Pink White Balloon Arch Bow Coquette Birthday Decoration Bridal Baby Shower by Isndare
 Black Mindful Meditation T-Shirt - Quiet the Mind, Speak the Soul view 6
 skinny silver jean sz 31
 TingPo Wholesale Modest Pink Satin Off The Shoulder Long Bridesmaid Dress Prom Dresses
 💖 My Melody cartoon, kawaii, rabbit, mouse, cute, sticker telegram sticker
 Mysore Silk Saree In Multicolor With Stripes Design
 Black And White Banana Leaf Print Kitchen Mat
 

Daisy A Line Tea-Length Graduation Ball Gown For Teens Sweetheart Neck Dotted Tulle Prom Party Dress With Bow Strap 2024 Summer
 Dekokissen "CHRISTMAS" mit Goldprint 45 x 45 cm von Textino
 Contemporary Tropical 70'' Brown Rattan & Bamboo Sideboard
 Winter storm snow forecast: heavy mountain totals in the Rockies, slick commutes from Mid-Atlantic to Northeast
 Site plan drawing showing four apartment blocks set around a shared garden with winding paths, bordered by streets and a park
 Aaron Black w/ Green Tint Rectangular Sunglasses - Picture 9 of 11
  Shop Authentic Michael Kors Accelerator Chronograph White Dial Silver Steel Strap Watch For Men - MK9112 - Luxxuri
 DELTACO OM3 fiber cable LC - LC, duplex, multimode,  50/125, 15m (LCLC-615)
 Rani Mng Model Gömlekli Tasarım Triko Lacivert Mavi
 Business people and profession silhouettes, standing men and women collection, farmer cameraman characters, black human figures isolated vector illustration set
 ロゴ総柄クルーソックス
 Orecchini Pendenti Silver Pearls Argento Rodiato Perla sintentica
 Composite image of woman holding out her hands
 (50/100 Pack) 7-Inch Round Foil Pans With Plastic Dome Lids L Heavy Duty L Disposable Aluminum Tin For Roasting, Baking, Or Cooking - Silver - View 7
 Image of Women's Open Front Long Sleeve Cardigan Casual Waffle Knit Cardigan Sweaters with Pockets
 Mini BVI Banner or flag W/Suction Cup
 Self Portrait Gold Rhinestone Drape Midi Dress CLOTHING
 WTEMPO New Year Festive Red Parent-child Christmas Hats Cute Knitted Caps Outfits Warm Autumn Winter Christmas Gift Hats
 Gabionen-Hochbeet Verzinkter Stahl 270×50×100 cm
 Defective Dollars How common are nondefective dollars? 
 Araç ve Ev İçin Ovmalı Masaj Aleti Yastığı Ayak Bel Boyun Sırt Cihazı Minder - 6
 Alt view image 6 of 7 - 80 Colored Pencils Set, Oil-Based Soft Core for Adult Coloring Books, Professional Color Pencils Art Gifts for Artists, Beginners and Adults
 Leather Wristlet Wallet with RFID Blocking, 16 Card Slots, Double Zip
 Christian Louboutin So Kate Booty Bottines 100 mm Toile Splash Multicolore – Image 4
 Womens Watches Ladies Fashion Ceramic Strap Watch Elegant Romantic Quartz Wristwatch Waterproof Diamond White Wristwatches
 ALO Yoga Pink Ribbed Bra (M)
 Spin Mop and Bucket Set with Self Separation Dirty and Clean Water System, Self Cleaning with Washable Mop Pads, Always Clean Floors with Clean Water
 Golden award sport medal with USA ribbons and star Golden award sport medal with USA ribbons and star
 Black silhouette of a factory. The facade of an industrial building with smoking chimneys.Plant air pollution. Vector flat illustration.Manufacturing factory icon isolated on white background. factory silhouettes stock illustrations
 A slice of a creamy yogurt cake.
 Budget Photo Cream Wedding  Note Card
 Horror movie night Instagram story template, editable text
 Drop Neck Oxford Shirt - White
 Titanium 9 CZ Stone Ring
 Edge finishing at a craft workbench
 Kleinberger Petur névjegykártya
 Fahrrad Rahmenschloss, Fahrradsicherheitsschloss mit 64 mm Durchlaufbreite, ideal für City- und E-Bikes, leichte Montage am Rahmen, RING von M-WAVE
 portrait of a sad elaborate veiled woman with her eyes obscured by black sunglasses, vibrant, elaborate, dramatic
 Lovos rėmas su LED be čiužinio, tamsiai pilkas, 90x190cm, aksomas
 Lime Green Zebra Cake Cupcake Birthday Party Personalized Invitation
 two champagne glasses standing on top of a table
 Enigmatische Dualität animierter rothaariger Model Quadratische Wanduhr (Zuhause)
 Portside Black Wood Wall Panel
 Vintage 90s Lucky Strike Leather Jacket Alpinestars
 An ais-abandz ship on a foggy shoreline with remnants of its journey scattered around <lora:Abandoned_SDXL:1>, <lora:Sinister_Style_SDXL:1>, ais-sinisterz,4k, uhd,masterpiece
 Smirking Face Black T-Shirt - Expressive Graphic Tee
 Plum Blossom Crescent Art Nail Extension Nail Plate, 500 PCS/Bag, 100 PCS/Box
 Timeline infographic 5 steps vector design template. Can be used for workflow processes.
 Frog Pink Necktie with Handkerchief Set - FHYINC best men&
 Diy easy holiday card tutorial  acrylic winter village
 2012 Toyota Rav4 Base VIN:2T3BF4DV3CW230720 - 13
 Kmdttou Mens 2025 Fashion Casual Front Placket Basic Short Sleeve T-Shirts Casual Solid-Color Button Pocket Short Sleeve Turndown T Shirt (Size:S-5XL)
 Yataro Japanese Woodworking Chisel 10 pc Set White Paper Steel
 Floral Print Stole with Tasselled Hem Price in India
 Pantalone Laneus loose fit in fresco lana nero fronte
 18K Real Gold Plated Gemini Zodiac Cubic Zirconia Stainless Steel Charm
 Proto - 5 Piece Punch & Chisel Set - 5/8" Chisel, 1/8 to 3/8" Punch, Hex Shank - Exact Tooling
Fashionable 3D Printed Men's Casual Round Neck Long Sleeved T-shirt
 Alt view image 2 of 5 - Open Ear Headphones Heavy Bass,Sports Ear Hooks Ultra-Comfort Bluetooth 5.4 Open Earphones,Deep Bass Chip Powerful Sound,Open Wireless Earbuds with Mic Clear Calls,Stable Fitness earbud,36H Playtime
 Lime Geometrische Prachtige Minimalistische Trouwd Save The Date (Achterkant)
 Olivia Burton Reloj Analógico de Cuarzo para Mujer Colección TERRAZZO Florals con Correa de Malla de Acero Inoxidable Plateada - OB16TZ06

**Problem details**
Starting at the line above that holds "Araç ve Ev İçin" and ending at the line that holds "Alt view image 6", transcribe each line exactly and include no other lines.

**Exercise result**
 Araç ve Ev İçin Ovmalı Masaj Aleti Yastığı Ayak Bel Boyun Sırt Cihazı Minder - 6
 Alt view image 6 of 7 - 80 Colored Pencils Set, Oil-Based Soft Core for Adult Coloring Books, Professional Color Pencils Art Gifts for Artists, Beginners and Adults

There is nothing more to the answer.